Kansas farmers will have their eyes on Washington as they gather in Manhattan.
The Kansas Farm Bureau is holding its annual meeting Tuesday and Wednesday at the Hilton Garden Inn.
An opening-day summit took place Monday.
The issue on the minds of many farmers is the status of the U.S. farm bill. The 2008 farm bill expired Sept. 30, and a new farm bill hasn’t passed Congress.
At the end of the month, the dairy industry would be impacted as dairy subsidies expire Dec. 31 unless a new bill is passed.
Bureau board member Jeff Grossenbacher, whose district includes Pottawatomie County, said farmers need the crop insurance that a farm bill provides.
“Without that revenue insurance and safety net, many farmers in Kansas wouldn’t be able to put out a crop because their bankers wouldn’t loan them any money,” he said.
Mick Rausch, a voting delegate from Sedgwick County, said he utilized crop insurance in recent years because of a drought.
“It protects me in case of a total crop failure,” he said. “The last two years when we had the drought, I basically harvested nothing as far as crops.”
Rausch said the insurance still didn’t protect him from going into the red as he lost money from milking cows.
He said he is currently switching from a dairy operation to a beef operation because of the money loss.
“Crop insurance doesn’t take the place of a crop,” he said. “It’s a safety net.”
Grossenbacher said farmers plan eight to 10 months in advance for planting in the spring, which is difficult to do under these circumstances.
“It’s hard to plan for the future, because we’re already ordering seed and putting on fertilizer for next year’s crops,” he said.
Farmers also have an interest in school finance due to the tax component.
The Kansas Supreme Court is currently considering an inadequate funding lawsuit from school districts.
The court is deciding whether to uphold a lower court’s decision that required the state to increase its base aid per pupil from $3,838 to $4,492.
If upheld, the state would have to increase funding by at least $440 million.
Rausch said the lawsuit would likely cause property taxes to go up, and he didn’t know what exemptions might be eliminated to provide funding.
“It can make a big difference on whether I’m profitable one year, and I’m not profitable the next,” he said.
Grossenbacher said the main funding for schools is property tax.
“Guess who owns the most property?” he asked.
Grossenbacher said taxes are an issue as the state moves away from its traditional “three-legged stool” approach with property, sales and income taxes.
Gov. Sam Brownback signed a tax reform law in 2012 that is focused on reducing individual income taxes and eliminating income taxes for some small businesses.

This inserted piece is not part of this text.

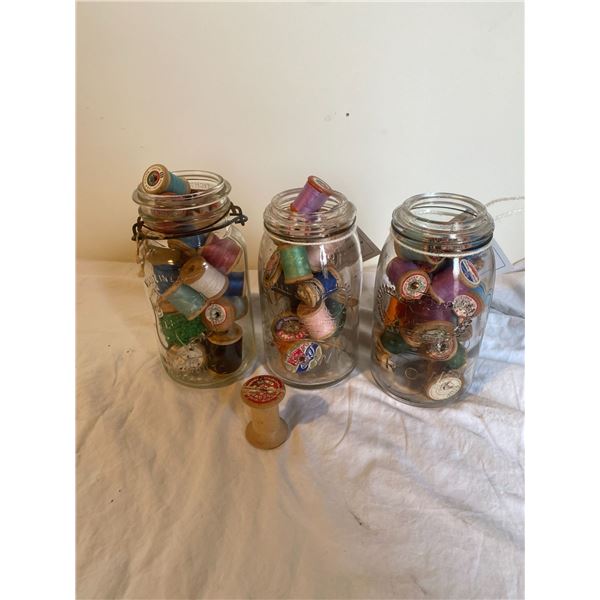 Crown and other jars and wooden  spools of threat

Grossenbacher said farmers have a lot of property but not necessarily the ability to pay a lot in taxes.
“If you put more reliance on property taxes, that harms agriculture,” he said.

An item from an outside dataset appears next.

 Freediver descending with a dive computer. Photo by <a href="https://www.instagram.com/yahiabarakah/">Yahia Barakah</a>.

Rausch said the property taxes have already gone up.
“All the municipalities are hurting for money, and they’re trying to squeeze every dollar they can out of whatever tax revenue they can get,” he said.
Rausch said he also expected the state’s corporate farming law to be among the big topics of interest at this week’s meeting.
The involvement of corporations in farming is limited by state law.
Eight other states have laws that prohibit or limit corporate farming: Iowa, Minnesota, Missouri, Nebraska, North Dakota, Oklahoma, South Dakota and Wisconsin.
State agriculture leaders and Brownback, a former state agriculture secretary, pushed for the law’s repeal during the 2013 session, but no action took place at that time.
Kansas Attorney General Derek Schmidt questioned the constitutionality of certain provisions in the law in a January letter to state agriculture secretary Dale Rodman.
Rausch gave his support for getting rid of restrictions.
“I think we need to change the corporate farm law to allow them to come in and compete,” he said. “They’d also provide opportunities for the state if they did.”